The reform comes as insurance remains the largest source of financial complaints received by the FSS. Last year, the regulator handled 128,419 financial complaints, with insurance accounting for 49.0% of the total. General insurance complaints reached 48,281, an increase of 19.6% from the previous year, while the average processing time for financial complaints rose to 46.6 days, according to Seoul Economic Daily. Financial authorities expect the revised process to improve handling efficiency by allowing the FSS to concentrate on insurance payout disputes, legal issues, and supervisory work while the association manages routine complaints.

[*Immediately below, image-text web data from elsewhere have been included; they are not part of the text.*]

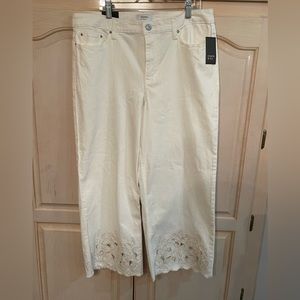 NWT size 12 cream colored, wide leg , cropped slacks.The cut out at the bottom👍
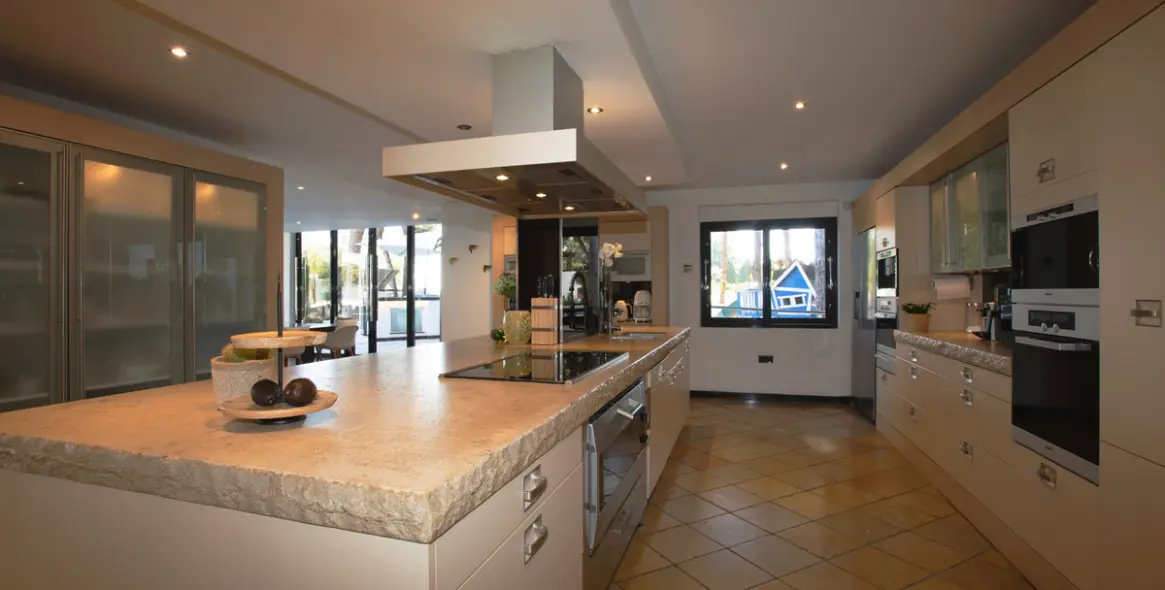 Sale of detached villa in Artola 19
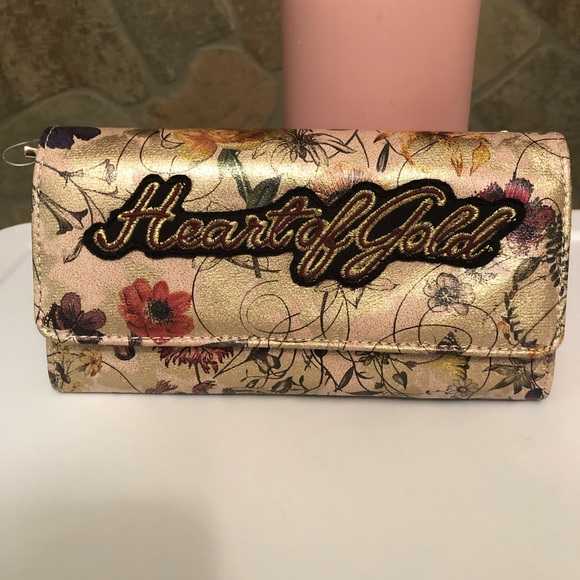 NWOT Free People ‘Heart of Gold’ floral wallet. - Picture 2 of 6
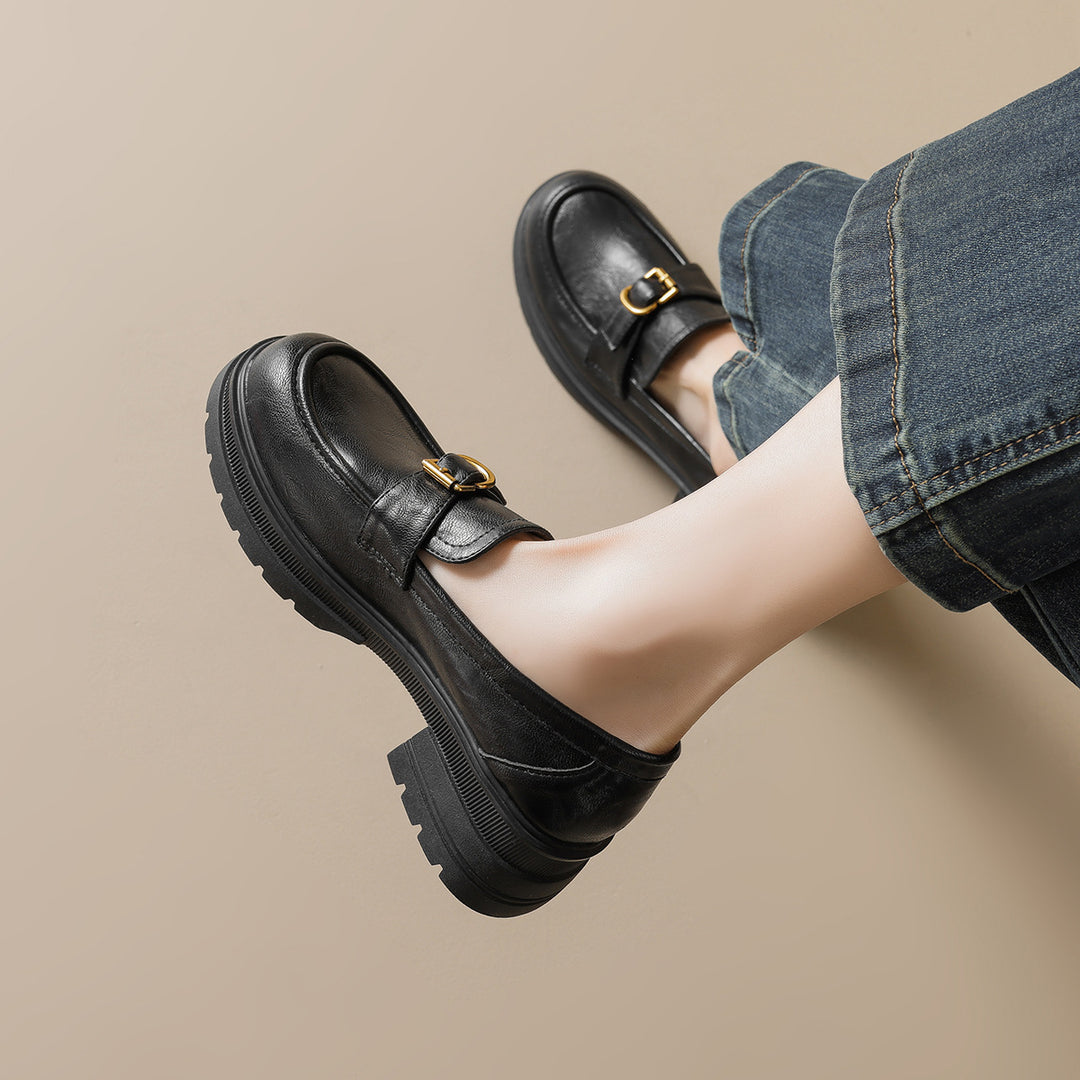 Damen Mokassins mit eleganter Schnallenapplikation und zusätzlichem Plateau EB
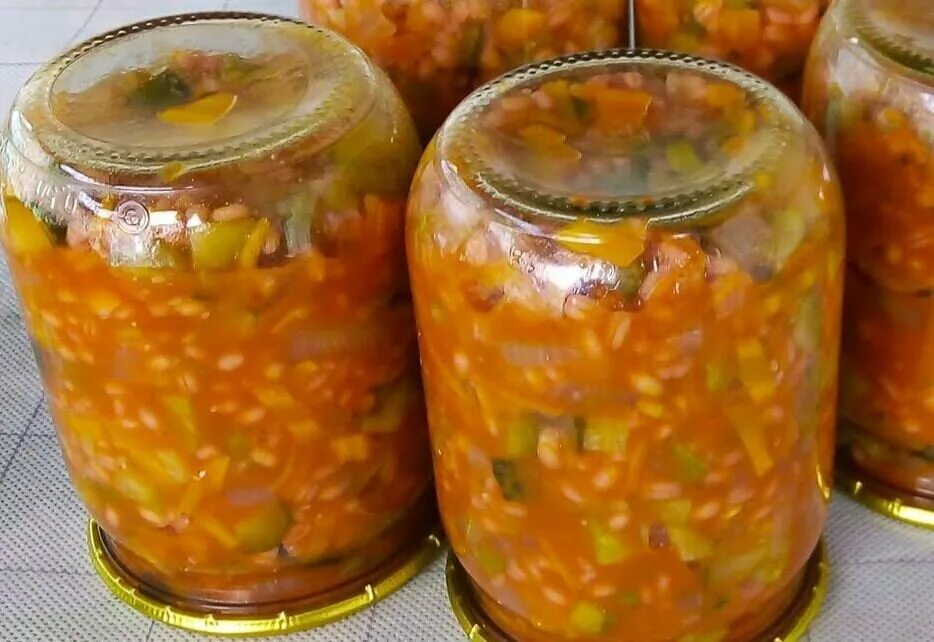 Как приготовить вкусный рассольник на зиму. Рассольник на зиму. рассольник на зиму с перловкой. рассольник консервированный. рассольник на зиму в банках.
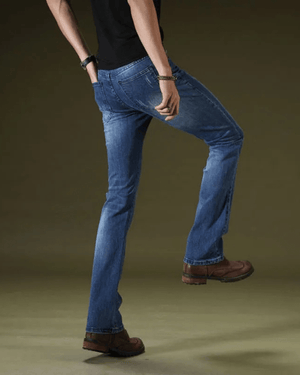 Utsvängda jeans för herr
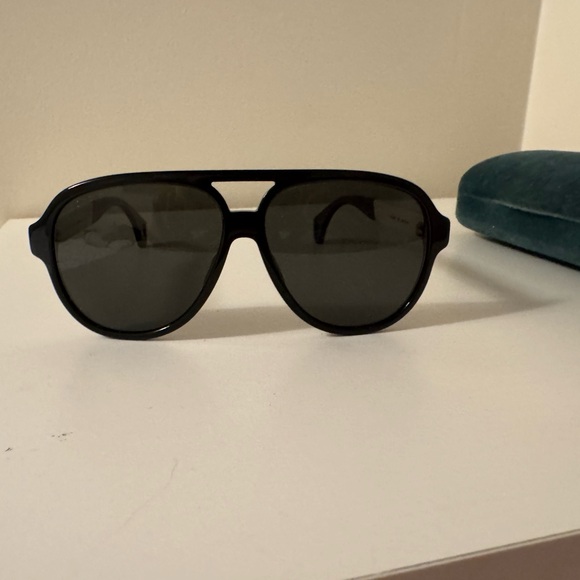 Gucci Black and Cream Sunglasses with Red & green Gucci logo detail AUTHENTIC - Picture 3 of 15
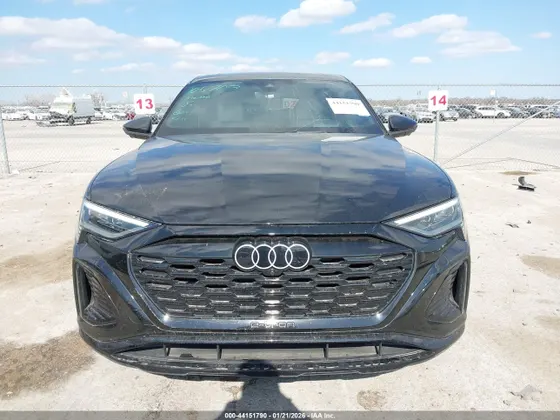 2024 Audi Q8 e-tron Sportback S line Prestige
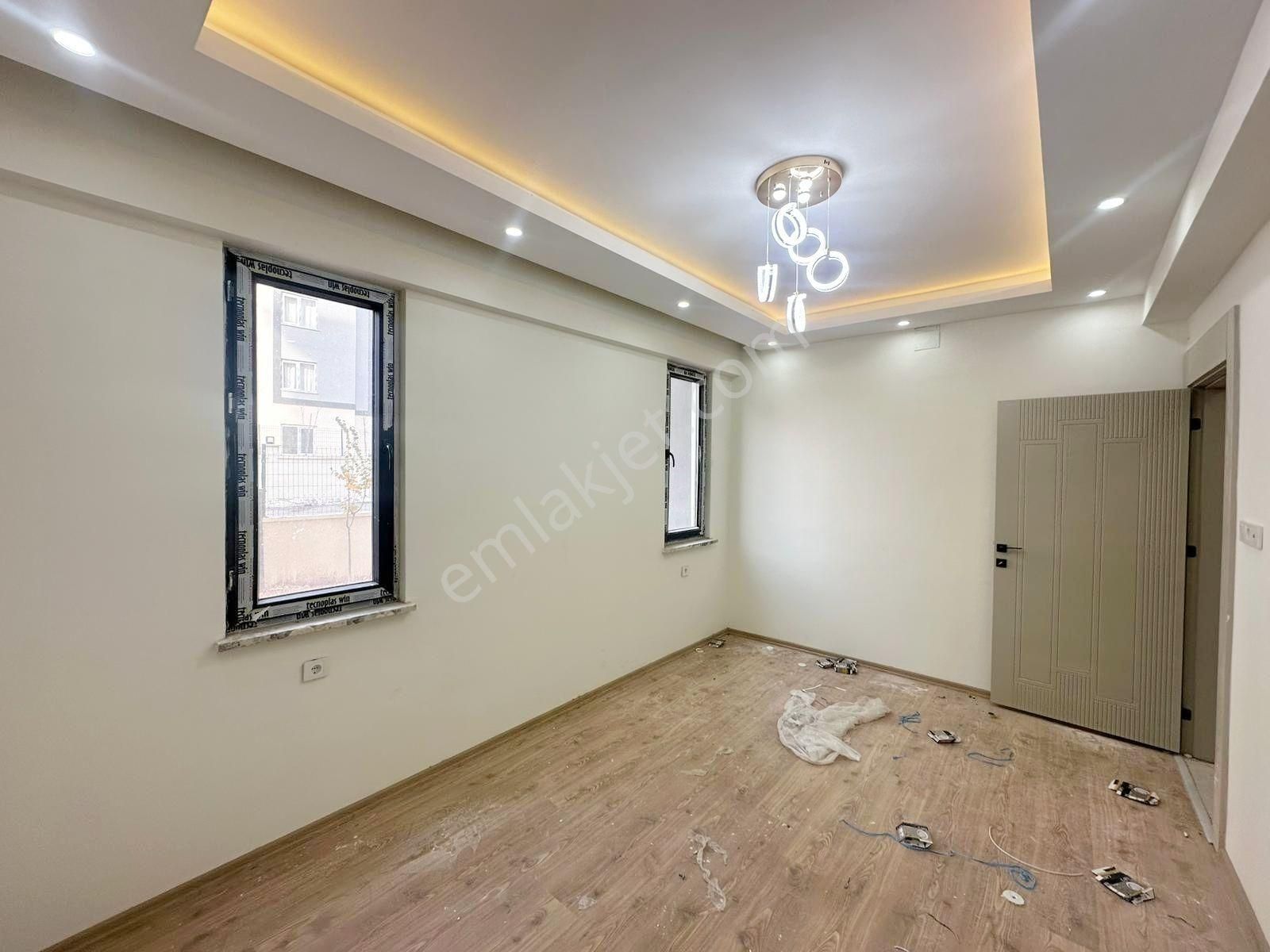 Belkız'da Dip Fiyata Sıfır! Az Katlı Çift Banyolu Ultralüx 2+1 - Görsel 16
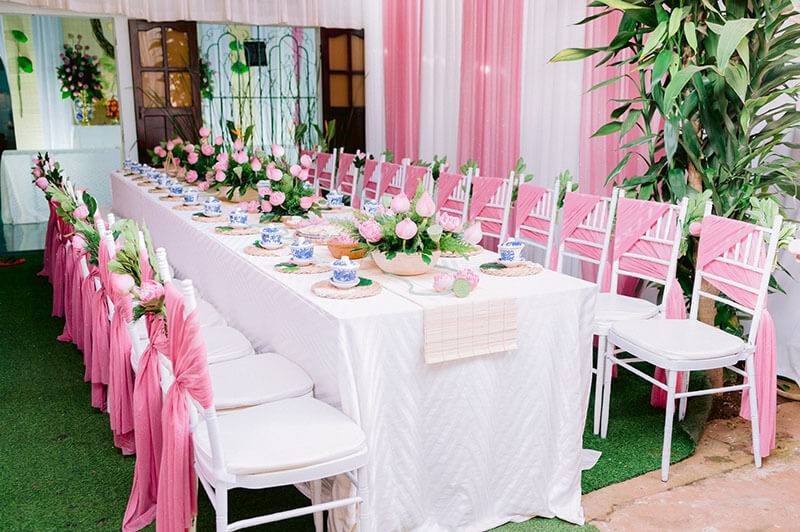 Hoa cưới để bàn ghế- trang trí tiệc cưới tại tư gia bằng hoa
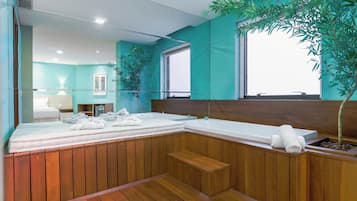 Bañera profunda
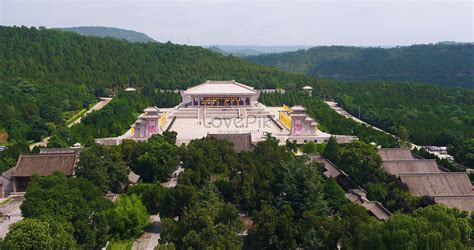 ¡Sumérgete en la Historia y la Naturaleza en el Mausoleo de Huangling!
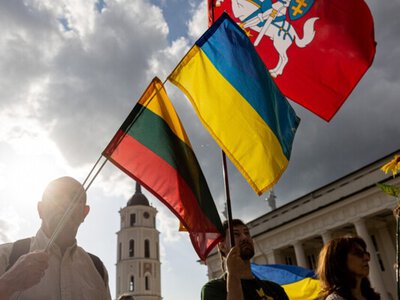  В Литве украинцам продлили временную защиту еще на год 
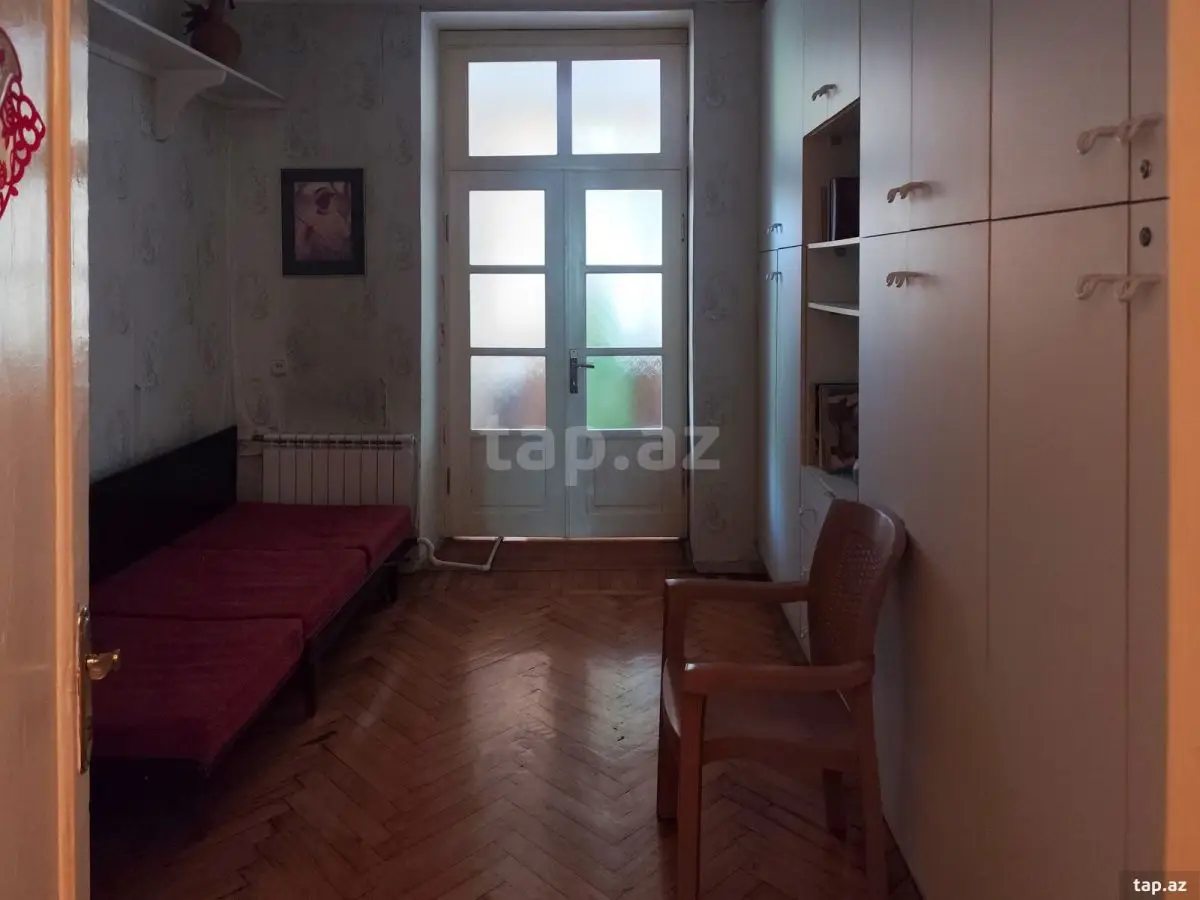 410 000 AZN - 5 otaqlı mənzil, Bakı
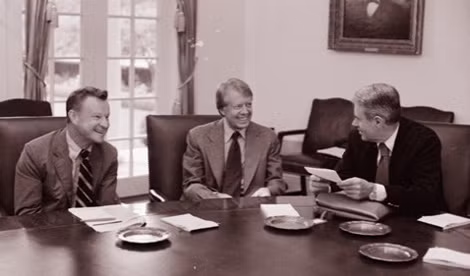 Cố vấn Z. Brzezinski, Tổng thống Jimmy Carter và Ngoại trưởng Cyrus Vance.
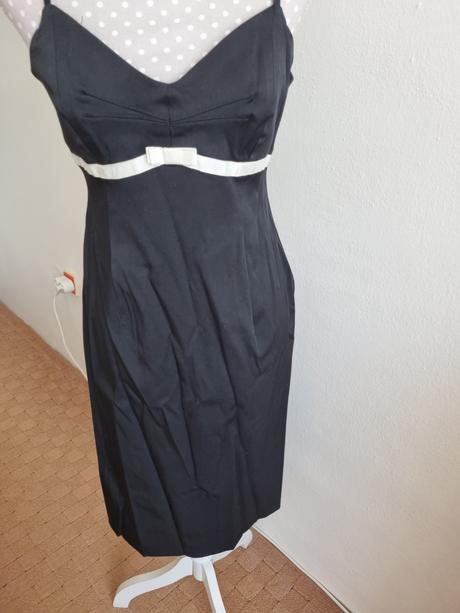 Cierne korzetky oasis 38, 38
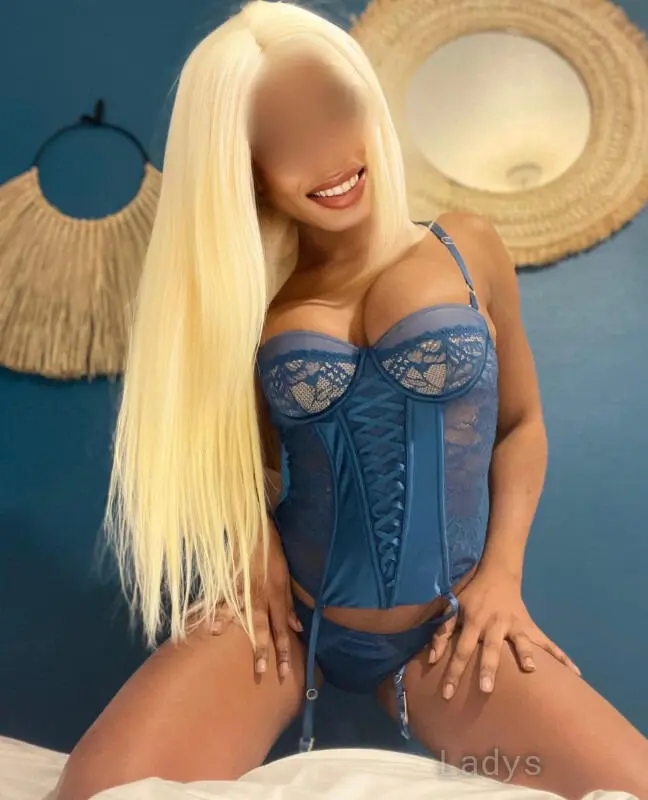 Electra American, 26 years beautiful nude Paris escorts girl, height 169 sm, Weight 52 kg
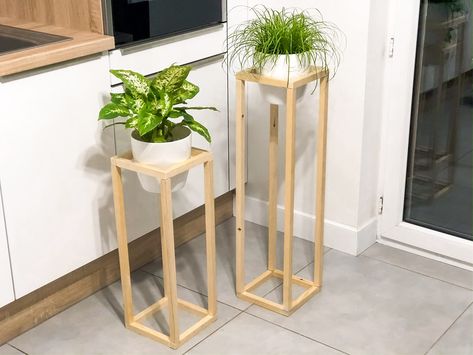 DIY déco : fabrication de porte-plantes en bois scandinave Design Pot, Support Pour Plante, House Extension Design, Diy Plant Stand, Scrap Wood Projects, Redecorate Bedroom, House Plants Decor, Diy Décoration, Living Room Decor Apartment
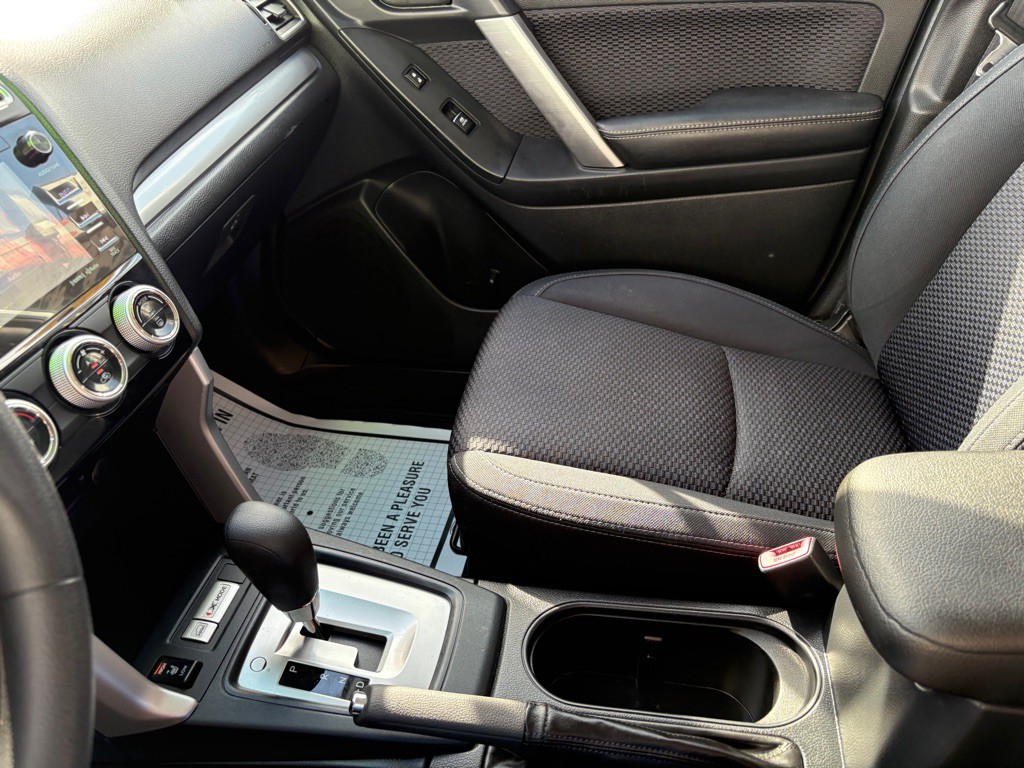 2017 Subaru Forester Image 20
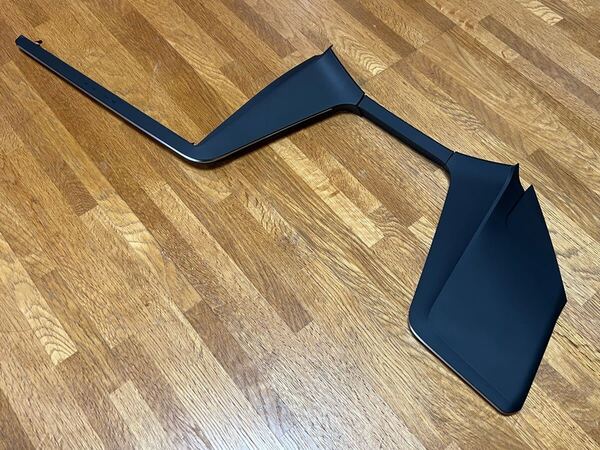 60プリウス 内装パネル MXWH60 60系 中古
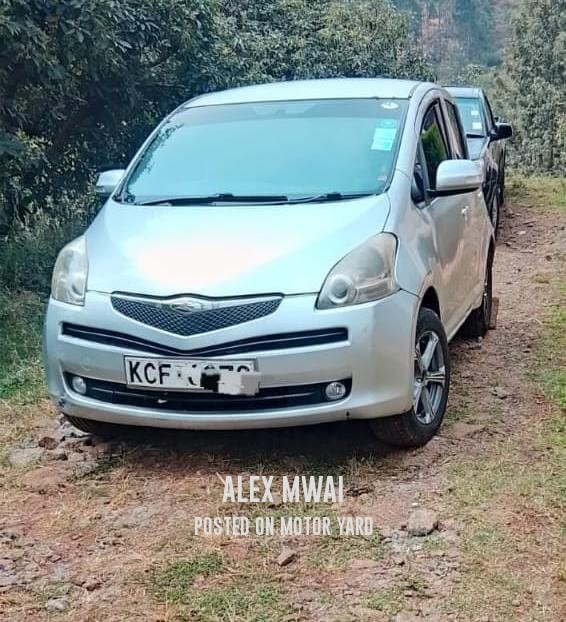 Toyota Ractis 2015 Silver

The first complaints eligible for transfer include non-dispute disagreements over motor insurance fault ratios, complaints about insurer employee conduct, and enquiries relating to the appointment, dismissal, and commission payments of insurance agents, according to Seoul Economic Daily. The GIAK plans to gradually expand the scope of complaints it handles after reviewing the initial implementation. Motor insurance fault-ratio complaints were selected first because they represent a common source of consumer dissatisfaction. A 2026 survey by the Korea Insurance Research Institute found that 35% of respondents who had experienced a motor vehicle accident believed the fault ratio assigned to their case was unfair.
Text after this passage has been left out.